# Binary File Operations: Complete Guide

Binary files store data in a format that computers can read directly, without text encoding. This notebook covers all binary file operations including pickle serialization.

## 🔢 Understanding Binary Files

**Binary files** contain data in binary format (0s and 1s) that is not human-readable. Examples include:
- Images (PNG, JPEG)
- Videos (MP4, AVI)
- Executables (.exe, .app)
- Pickle files (.pkl)
- Database files

**Key differences from text files:**
- No character encoding/decoding
- More compact storage
- Faster read/write operations
- Platform-independent (when done correctly)

## 📂 Binary File Modes

All binary modes include the 'b' character:

| Mode | Description | Creates File? | Truncates? | Position |
|------|-------------|---------------|------------|----------|
| `rb` | Read binary | No | No | Beginning |
| `wb` | Write binary | Yes | Yes | Beginning |
| `ab` | Append binary | Yes | No | End |
| `rb+` | Read/Write binary | No | No | Beginning |
| `wb+` | Write/Read binary | Yes | Yes | Beginning |
| `ab+` | Append/Read binary | Yes | No | End |

## 🔧 Basic Binary File Operations

In [1]:
import os
from pathlib import Path

# Create sample_files directory
Path('../sample_files').mkdir(exist_ok=True)

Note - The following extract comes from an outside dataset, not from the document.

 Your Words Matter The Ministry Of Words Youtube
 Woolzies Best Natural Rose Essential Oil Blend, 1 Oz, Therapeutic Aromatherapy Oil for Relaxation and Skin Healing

def demonstrate_binary_modes():
    """Demonstrate all binary file modes"""
    print("🔢 Binary File Modes Demonstration")
    print("=" * 50)
    
    # Sample binary data
    sample_data = bytes([72, 101, 108, 108, 111, 32, 87, 111, 114, 108, 100, 33])  # "Hello World!"
    additional_data = bytes([10, 71, 111, 111, 100, 98, 121, 101, 33])  # "\nGoodbye!"
    
    print(f"📊 Sample data: {sample_data}")
    print(f"📝 As text: {sample_data.decode('utf-8')}")
    
    # Mode 'wb' - Write Binary
    print("\n--- Mode 'wb' (Write Binary) ---")
    with open('../sample_files/binary_demo.bin', 'wb') as f:
        bytes_written = f.write(sample_data)
        print(f"✅ Wrote {bytes_written} bytes")
    
    # Mode 'rb' - Read Binary
    print("\n--- Mode 'rb' (Read Binary) ---")
    with open('../sample_files/binary_demo.bin', 'rb') as f:
        read_data = f.read()
        print(f"📖 Read: {read_data}")
        print(f"📝 As text: {read_data.decode('utf-8')}")
        print(f"✅ Data matches: {read_data == sample_data}")
    
    # Mode 'ab' - Append Binary
    print("\n--- Mode 'ab' (Append Binary) ---")
    with open('../sample_files/binary_demo.bin', 'ab') as f:
        bytes_written = f.write(additional_data)
        print(f"✅ Appended {bytes_written} bytes")
    
    # Read the combined result
    with open('../sample_files/binary_demo.bin', 'rb') as f:
        combined_data = f.read()
        print(f"📖 Combined data: {combined_data}")
        print(f"📝 As text: {combined_data.decode('utf-8')}")
    
    # Mode 'rb+' - Read/Write Binary
    print("\n--- Mode 'rb+' (Read/Write Binary) ---")
    with open('../sample_files/binary_demo.bin', 'rb+') as f:
        # Read first 5 bytes
        first_part = f.read(5)
        print(f"📖 First 5 bytes: {first_part} ({first_part.decode('utf-8')})")
        
        # Get current position
        pos = f.tell()
        print(f"📍 Current position: {pos}")
        
        # Write at current position (overwrite)
        f.write(b'XYZ')
        print("✅ Overwrote 3 bytes with 'XYZ'")
    
    # Read the modified result
    with open('../sample_files/binary_demo.bin', 'rb') as f:
        modified_data = f.read()
        print(f"📖 Modified data: {modified_data}")
        print(f"📝 As text: {modified_data.decode('utf-8', errors='replace')}")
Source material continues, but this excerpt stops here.